Hi Thomas, I'll respond to the game design rather than how to program this if that's OK.
I used to have f2f students play something like this in my non-academic math classes (gr. 9 - 11) when they didn't know their times tables. A student would make a complete list of all the math facts he needed to learn & then make up a deck of say 15 cards using whichever facts from the list he wanted to practise first (question on one side and answer on the other). To play, he'd lay out the deck and start answering the questions in any order he wanted. If he got a question right, he put a check on the card & set it aside. If not, the card would be returned to the array and tried again after at least 2 more cards had been tried. Once the deck was done or 15 minutes maximum had passed, he'd set it aside & try it again later -- all of it. When a card had earned 10 checks marks (was answered correctly on the first try 10 times), it was torn up and thrown away for good. That fact was considered 'mastered' and crossed off the list. This number was high because the entire list was tables that he found troublesome. The student would play his deck 3 times x 3 times per day, so the deck would be whittled down fast. When there were 5 cards left, he'd add 10 new cards with facts from his original list.
Once he was down to his final 5 cards, we'd then work up memory strategies for those facts together. There were lots of different ways to get the student to practise those, but the main two were:,(a) surprise single card drill and (b) making sure when the student did a question in a math exercise using that fact he took a moment to take out the corresponding card & rehearse the memory strategy. When the student discovered he knew the fact, that card was given to me and glued to a goofy certificate of recognition just for fun.
This game was phenomenally successful in teaching math facts to students who'd never learned them as kids because they always led from their strength even in a topic that had defeated them for so long.
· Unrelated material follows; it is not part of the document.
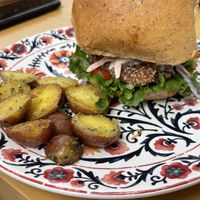 burger  at Raw Cafe in Lima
It was also fast to play & stopped before it became frustrating. It capitalized on the now evidence-based practise of spaced practise + something I got from a book called the Zen of Running which said basically to stop while you're feeling good so you'll want to run again the next day. I've been working on a powerpoint approximation of this game, and I'm close except the entire game starts up each time.
Regarding your game, here are my thoughts:
(1) With multiple choice questions, a correct guess counts as a right answer. I would not deem a fact 'known' until the player got a card correct 3 times (with the choices shuffled each time the card was played if possible). Only then would I remove it from the deck.
(2) I'd keep the deck small (15 cards? 20?) so it can be played in 15 minutes max. and put in a timer so it can't be played again until the next day. This spaces the review and gives the student time to forget, so when the same card is seen again, he has to search his memory for the answer. Also limiting the game to 15 minutes means attention is less likely to lapse.
(3) When Deck 1 is whittled down to 5 cards, all 5 could go into a permanent review deck, and the learner would start Deck 2. The last 5 cards from Deck 2 would also get moved to the permanent review deck (and so on for all decks in that group). This permanent deck would be kept for pre-exam study because it contains all the hardest questions for that student. You might even program into the course surprise permanent deck review points when the learner would receive a message to play that review deck to keep those hardest facts fresh & minimize the need for cramming. He might be prompted to write a reflection and send itcto the instructor or a peer mentor.
(4) If a student is really keen, you might encourage him to play 2 different decks each day. By capping this kind of practise to 30 min per day &! because the decks are different, concentration should be maintained.
(5) If the course has an online instructor presence, you could have the LMS signal him/her about any cards a learner gets wrong say 2 days in a row so the instructor can intervene personally. If the course is completely self-taught, you might instead block further progress in a deck until the learner does a review activity -- a reading or video with text entry questions.
I'm still trying to make my ppt. model more closely approximate this kind of play. I've found a super & cheap tool that exports ppt as a fully interactive file and so can be played inside an LMS.
In ppt, slides can easily be copied by a player to a new file, so the students would have to build their own permanent review decks. The problem is that I have an entire times tables game of up to 25 questions on a single slide, so that doesn't help much.
My game continues to be a work in progress...... good luck with yours.